Directions for this task. The entries are to be given back verbatim; no picture is to be copied.

-- The input follows --

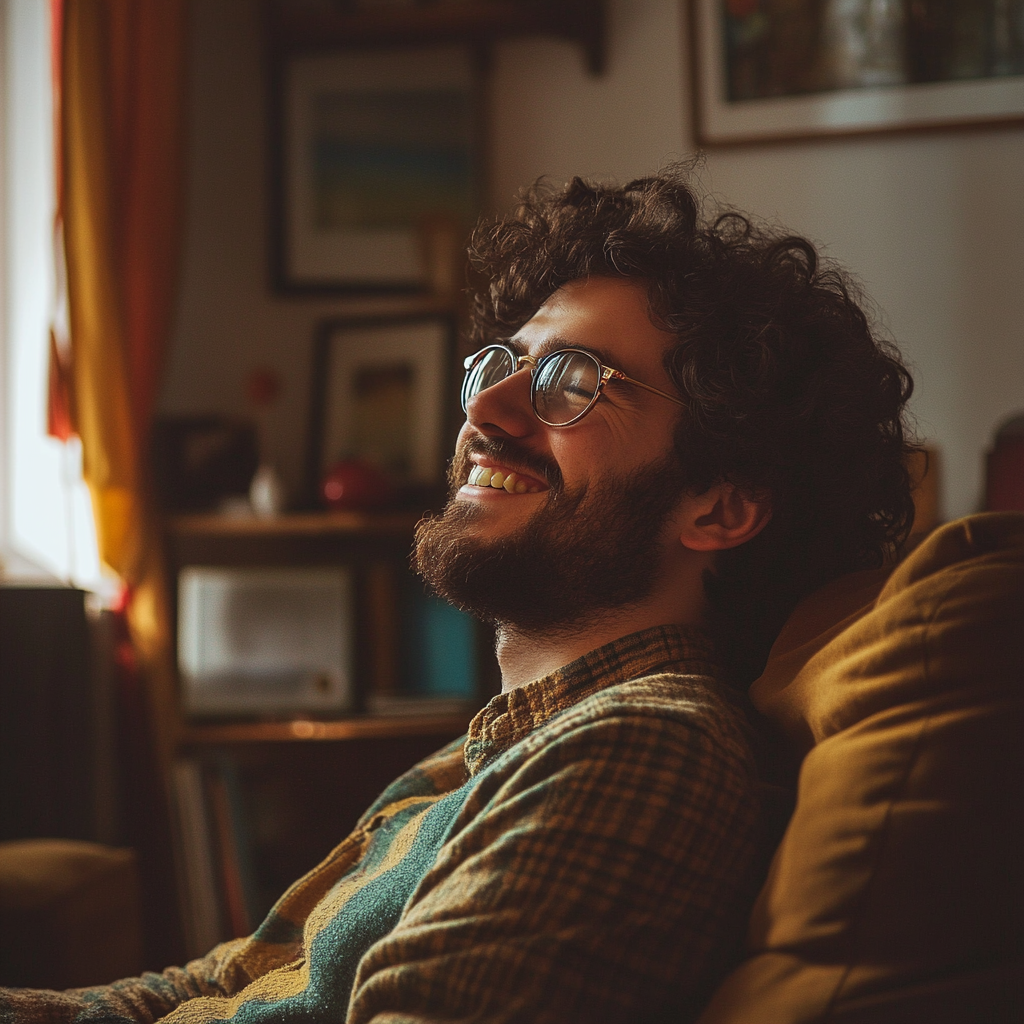 Un homme qui rit sur sa chaise | Source : Midjourney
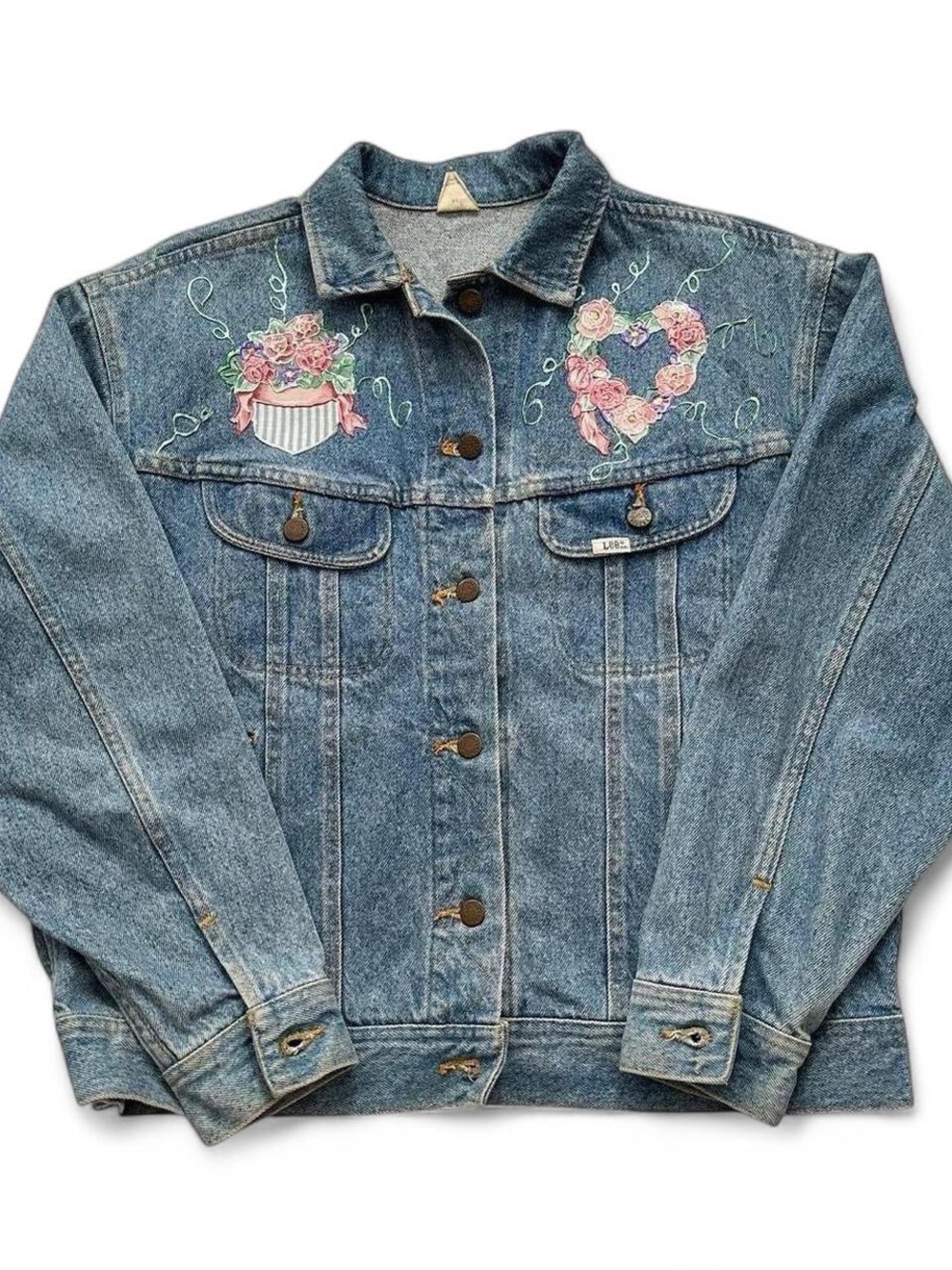 Vintage 1990s custom Floral Painted Denim Jacket - Blue L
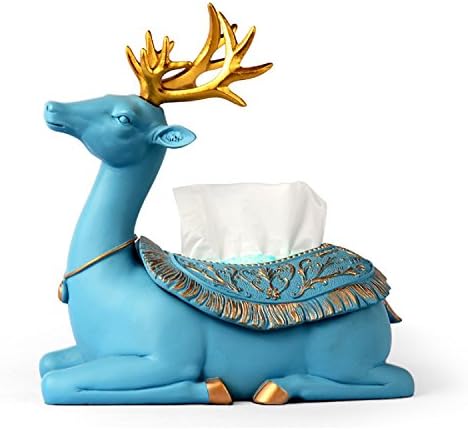 Waineg Small Deer Tissue Box Creative Bedroom Living Room Coffee Table Book Box Home American Simple Resin Decorative Napkin Box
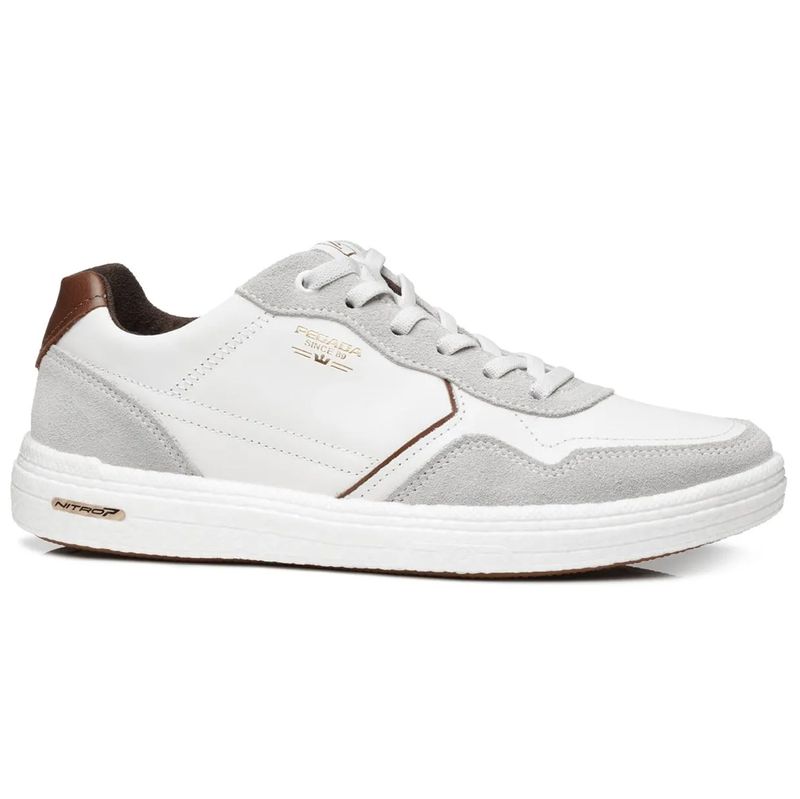 Pegada Tenis Casual 112003-01 Branco Couro -5-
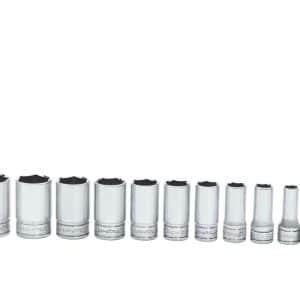 211FSSY — 11 pc 3/8" Drive 6-Point SAE Flank Drive® Semi-Deep Socket Set (1/4-7/8")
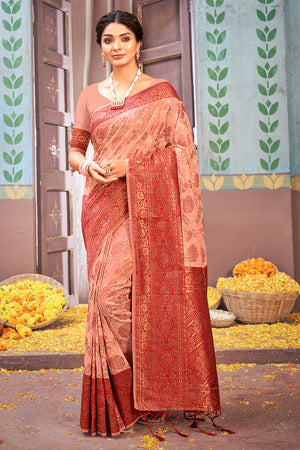 Thulian Pink Cotton Saree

-- The input concluded --

Answer space.
 Un homme qui rit sur sa chaise | Source : Midjourney
 Vintage 1990s custom Floral Painted Denim Jacket - Blue L
 Waineg Small Deer Tissue Box Creative Bedroom Living Room Coffee Table Book Box Home American Simple Resin Decorative Napkin Box
 Pegada Tenis Casual 112003-01 Branco Couro -5-
 211FSSY — 11 pc 3/8" Drive 6-Point SAE Flank Drive® Semi-Deep Socket Set (1/4-7/8")
 Thulian Pink Cotton Saree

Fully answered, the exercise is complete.